■ Try it:
What is needed is an exact copy of the records below, without the pictures.

■ Material to process:
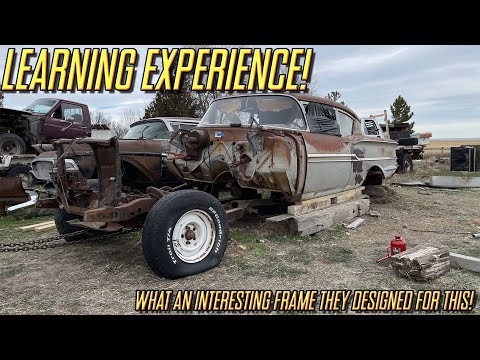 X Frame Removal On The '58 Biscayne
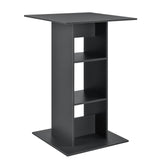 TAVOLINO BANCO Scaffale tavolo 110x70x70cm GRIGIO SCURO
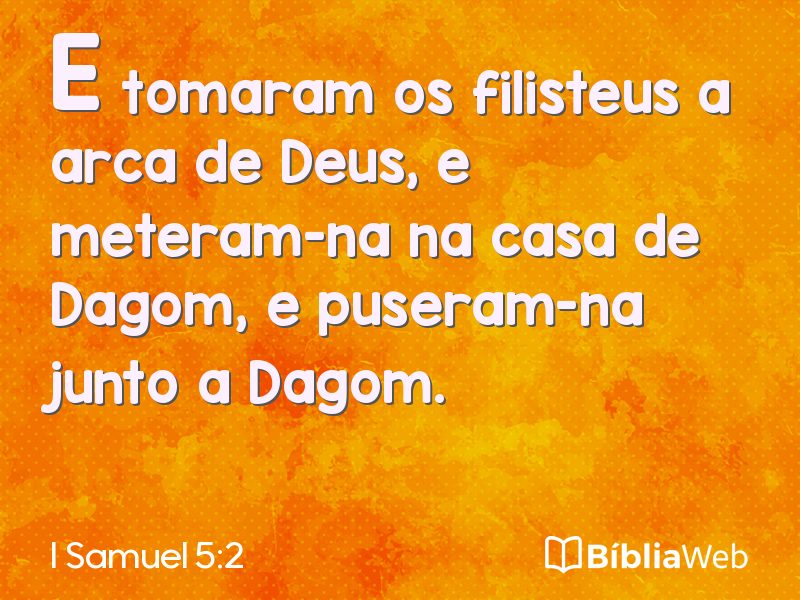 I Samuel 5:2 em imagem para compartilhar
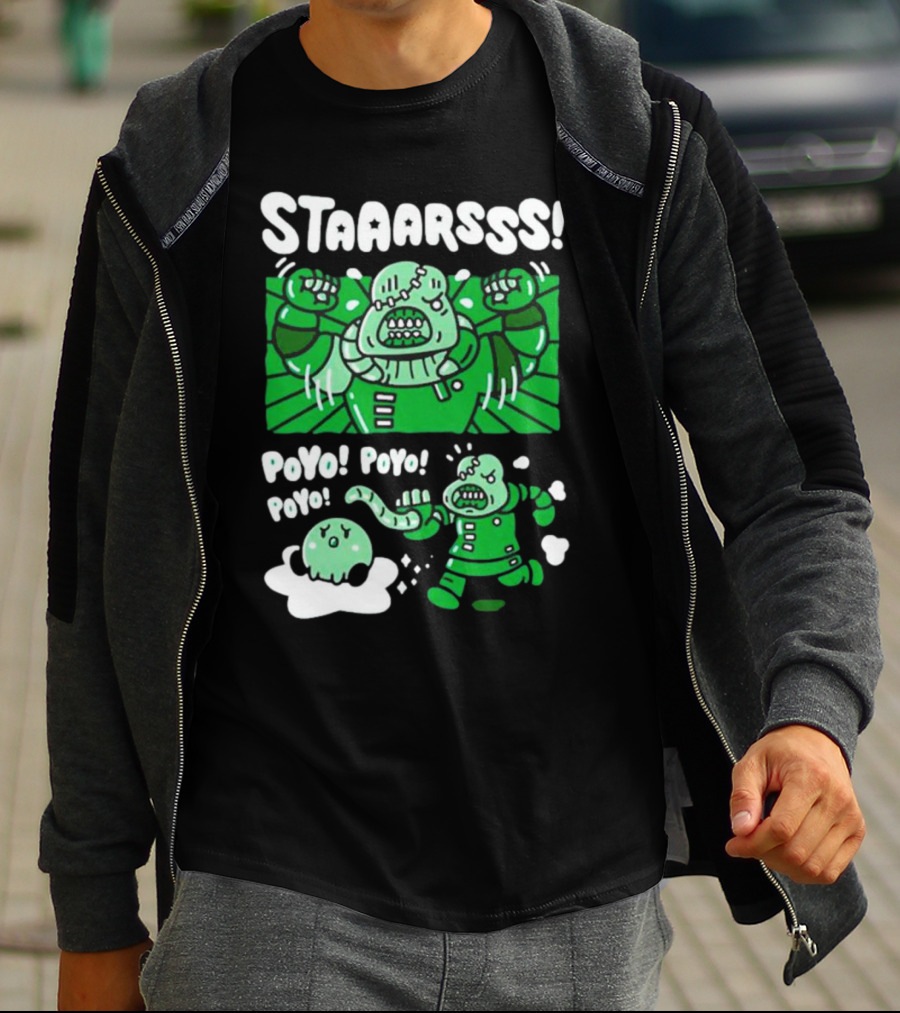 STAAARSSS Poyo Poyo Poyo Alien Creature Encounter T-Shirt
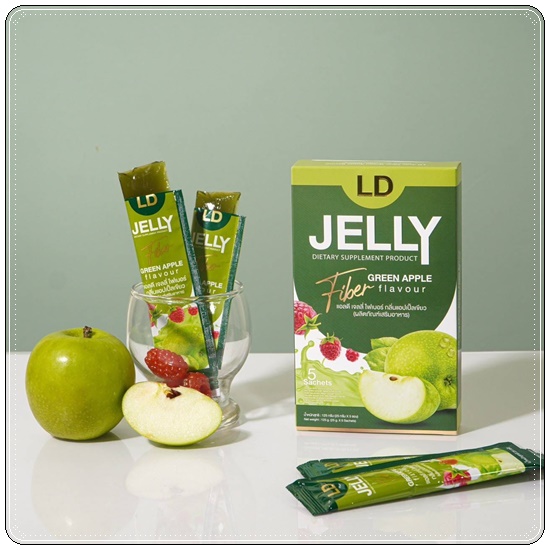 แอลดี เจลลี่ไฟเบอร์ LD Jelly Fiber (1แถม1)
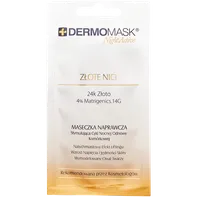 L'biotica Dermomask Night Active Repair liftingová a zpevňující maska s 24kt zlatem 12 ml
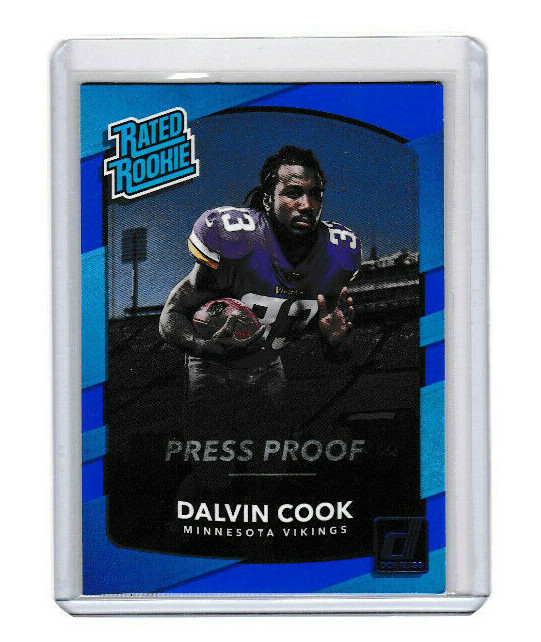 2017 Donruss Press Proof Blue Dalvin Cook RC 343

■ Written reply:
 X Frame Removal On The '58 Biscayne
 TAVOLINO BANCO Scaffale tavolo 110x70x70cm GRIGIO SCURO
 I Samuel 5:2 em imagem para compartilhar
 STAAARSSS Poyo Poyo Poyo Alien Creature Encounter T-Shirt
 แอลดี เจลลี่ไฟเบอร์ LD Jelly Fiber (1แถม1)
 L'biotica Dermomask Night Active Repair liftingová a zpevňující maska s 24kt zlatem 12 ml
 2017 Donruss Press Proof Blue Dalvin Cook RC 343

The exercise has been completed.